• WORK INSTRUCTIONS
Could you retype exactly the lines below between the one holding "日プ新世界【オシンヘン】の年齢や出身地！歌声とワンコ系の魅力まとめ" and the one holding "by Kehinde Wiley", inclusive, leaving out any pictures?

• EXTRACTED RECORDS
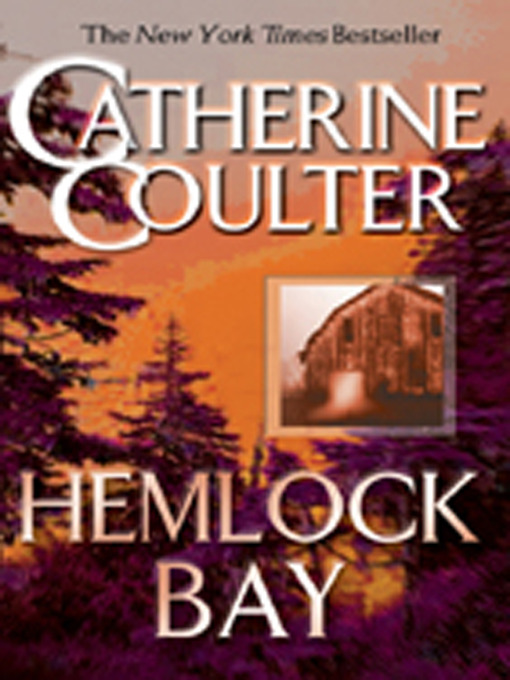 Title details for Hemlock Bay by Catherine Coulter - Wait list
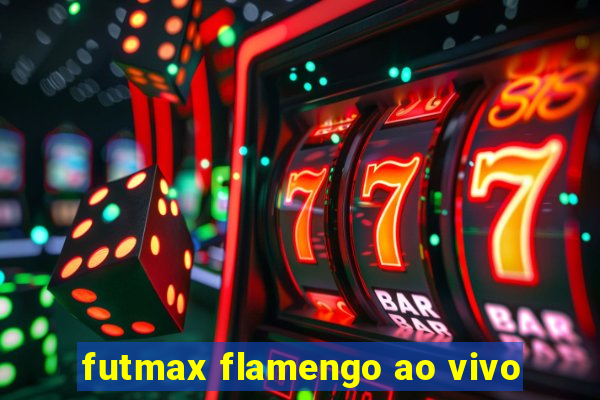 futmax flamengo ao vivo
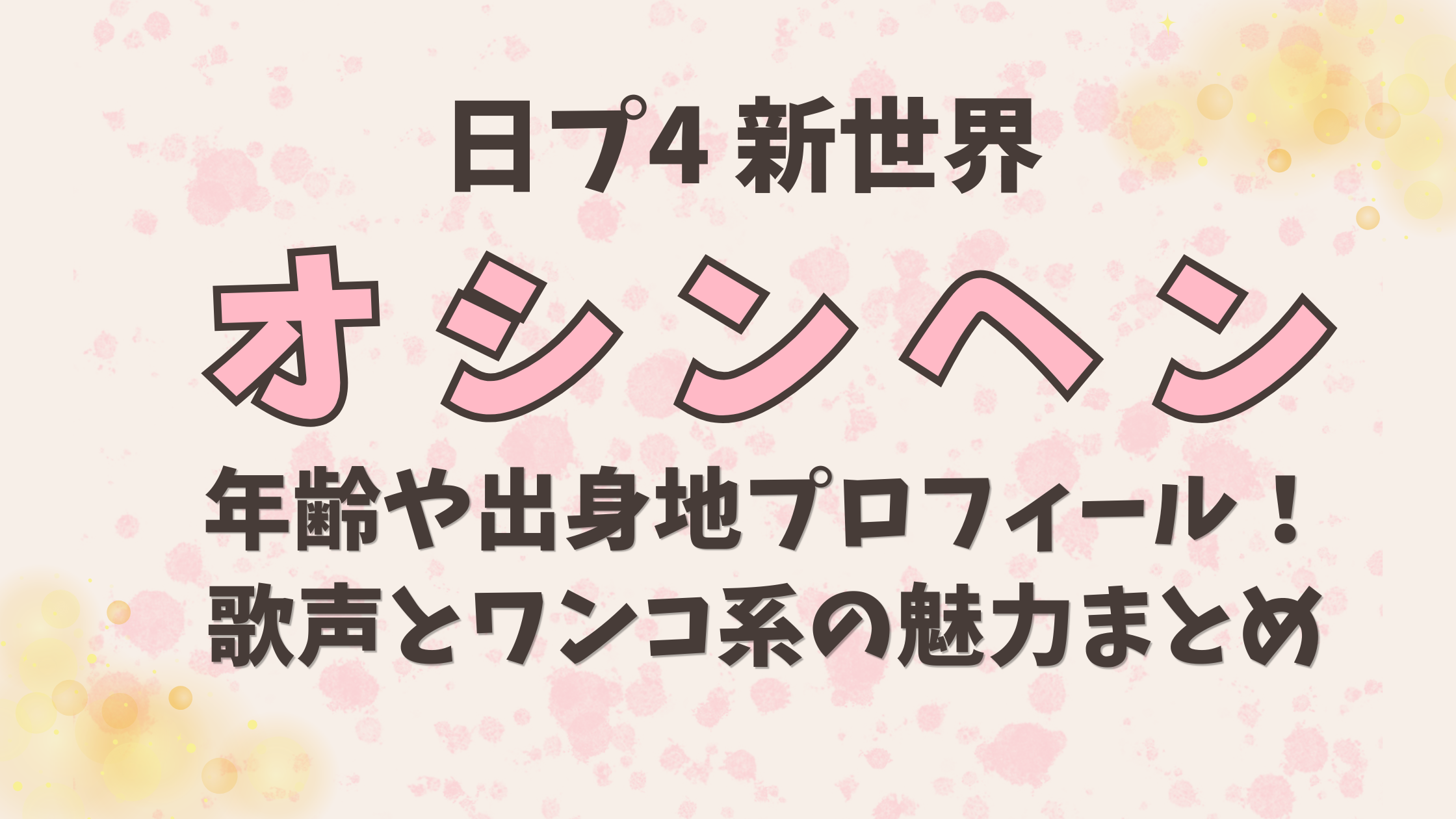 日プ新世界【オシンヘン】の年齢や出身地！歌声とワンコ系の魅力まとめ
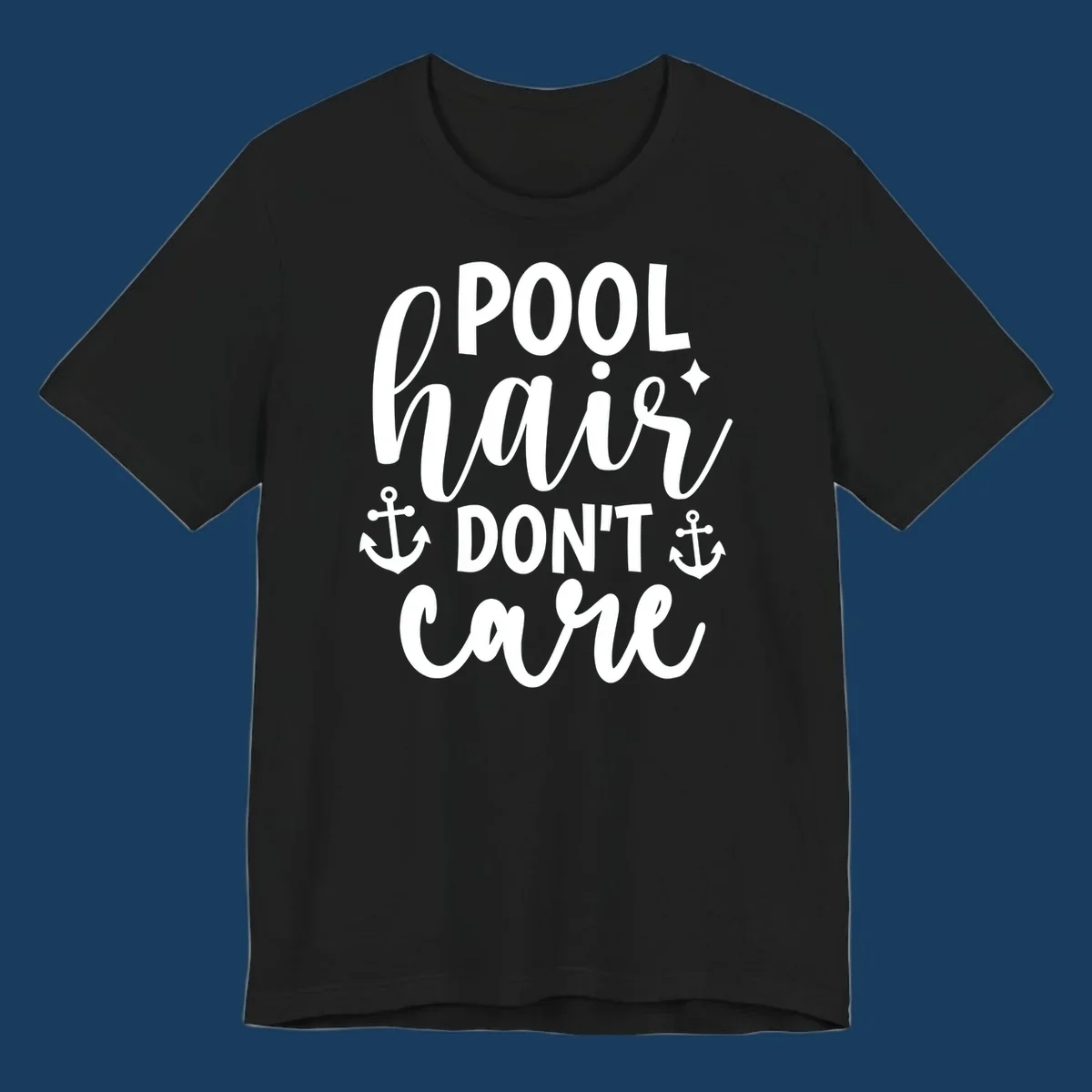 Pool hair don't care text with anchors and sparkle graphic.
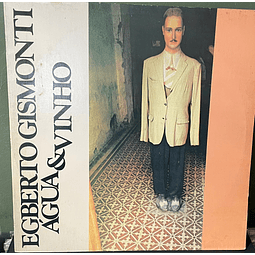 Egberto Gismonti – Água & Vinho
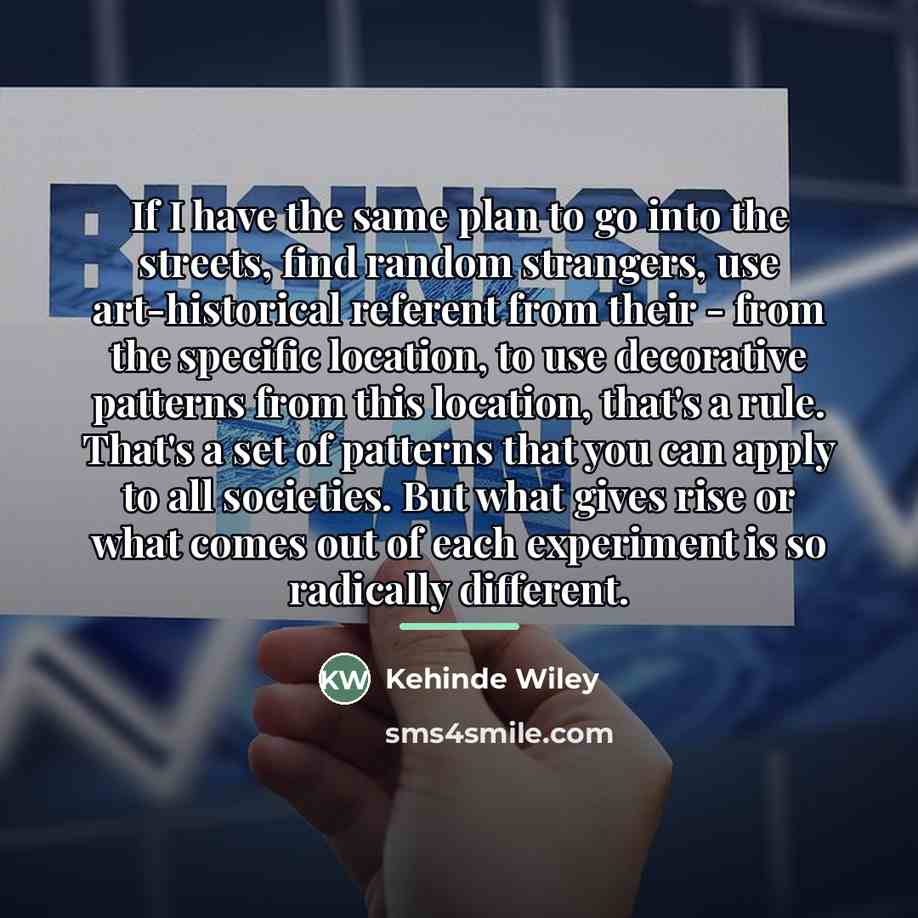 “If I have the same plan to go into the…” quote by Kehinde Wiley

...

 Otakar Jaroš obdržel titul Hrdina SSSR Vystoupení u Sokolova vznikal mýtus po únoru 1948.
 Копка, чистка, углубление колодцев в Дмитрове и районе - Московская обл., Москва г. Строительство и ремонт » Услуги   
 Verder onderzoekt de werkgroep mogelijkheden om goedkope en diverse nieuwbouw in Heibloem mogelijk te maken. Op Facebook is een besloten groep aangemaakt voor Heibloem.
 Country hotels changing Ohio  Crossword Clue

• WRITTEN SOLUTION
 日プ新世界【オシンヘン】の年齢や出身地！歌声とワンコ系の魅力まとめ
 Pool hair don't care text with anchors and sparkle graphic.
 Egberto Gismonti – Água & Vinho
 “If I have the same plan to go into the…” quote by Kehinde Wiley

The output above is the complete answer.